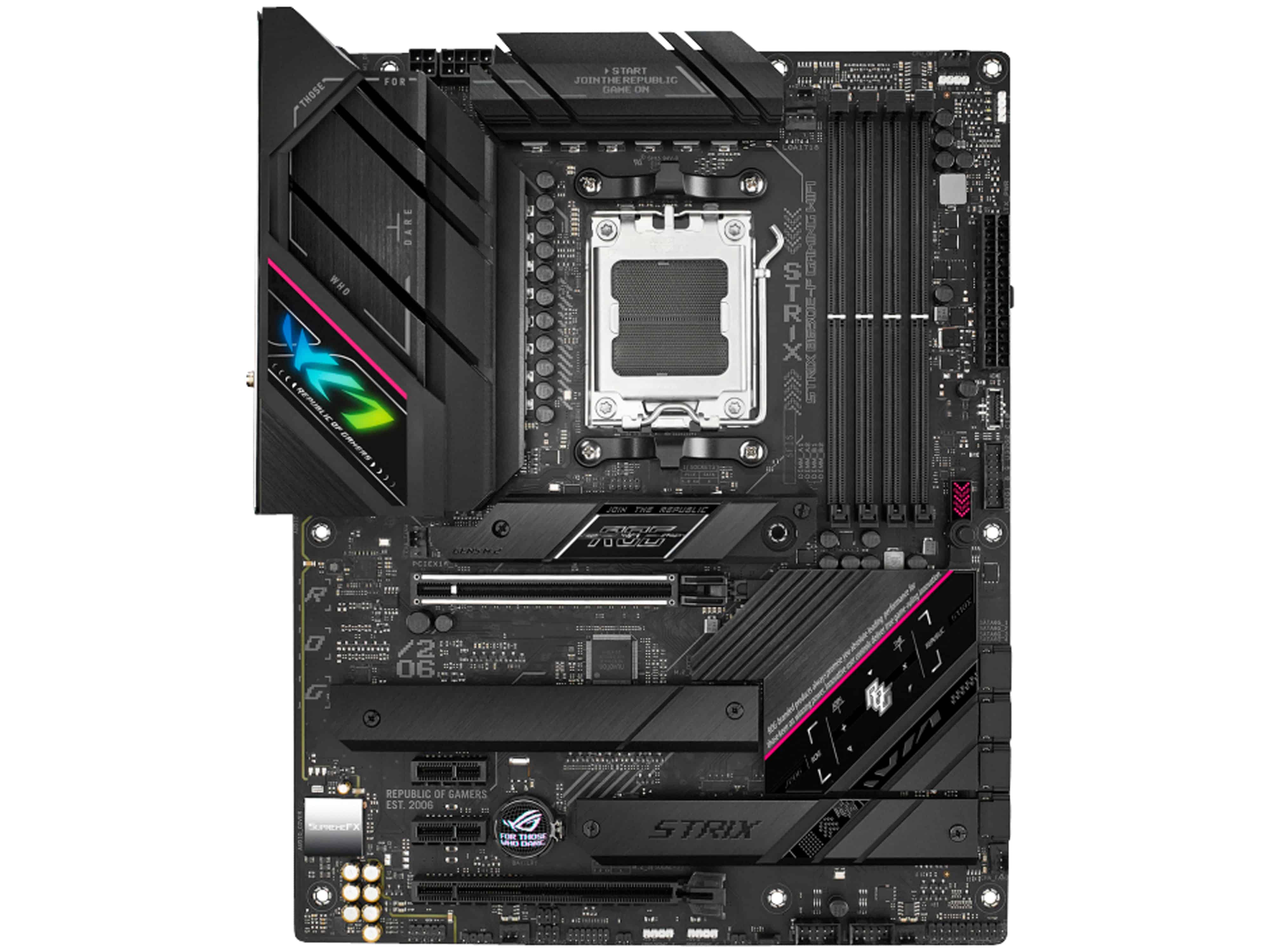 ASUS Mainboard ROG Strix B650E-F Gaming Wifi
________________________________________
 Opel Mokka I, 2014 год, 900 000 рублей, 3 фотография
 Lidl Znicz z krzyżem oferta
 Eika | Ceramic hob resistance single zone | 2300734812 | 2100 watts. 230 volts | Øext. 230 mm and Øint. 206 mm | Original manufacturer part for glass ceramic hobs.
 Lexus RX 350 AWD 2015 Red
________________________________________
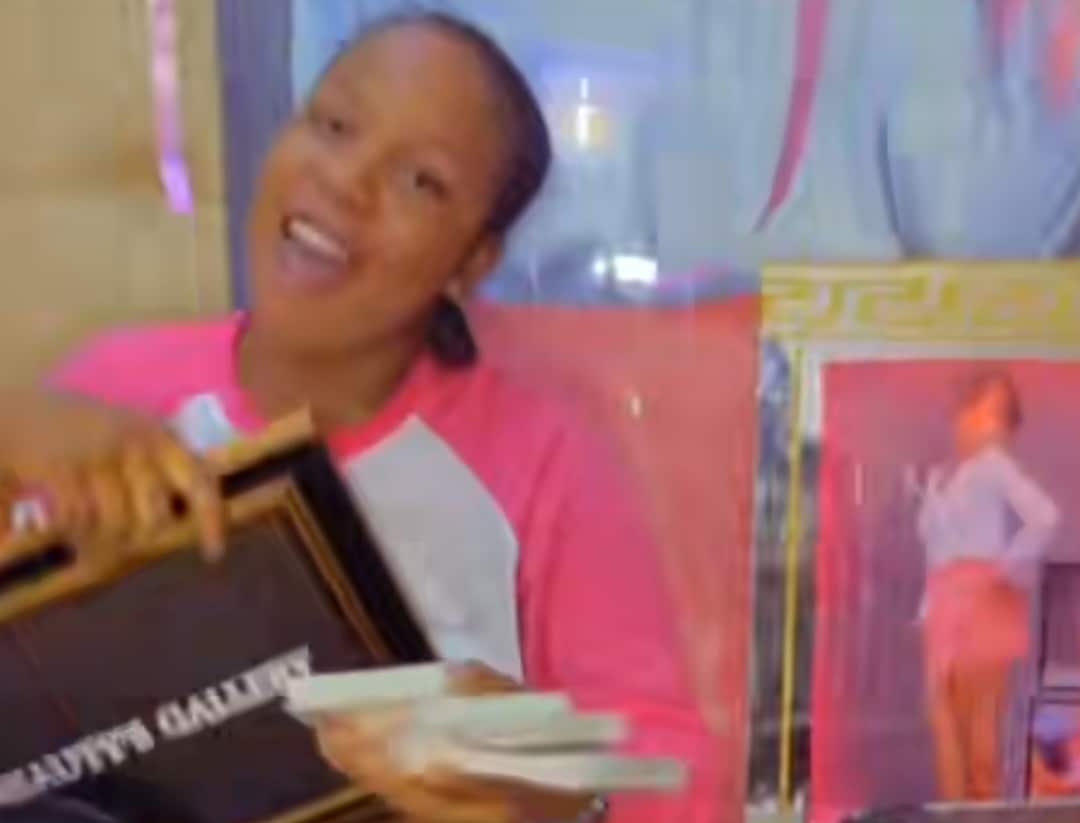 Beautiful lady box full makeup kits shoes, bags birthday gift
________________________________________
REQUIREMENT => From the entries above, restate word for word the lines from the line containing "Lidl Znicz z krzyżem oferta" to the line containing "Lexus RX 350 AWD 2015 Red", both ends included, and nothing more.

SOLUTION =>
 Lidl Znicz z krzyżem oferta
 Eika | Ceramic hob resistance single zone | 2300734812 | 2100 watts. 230 volts | Øext. 230 mm and Øint. 206 mm | Original manufacturer part for glass ceramic hobs.
 Lexus RX 350 AWD 2015 Red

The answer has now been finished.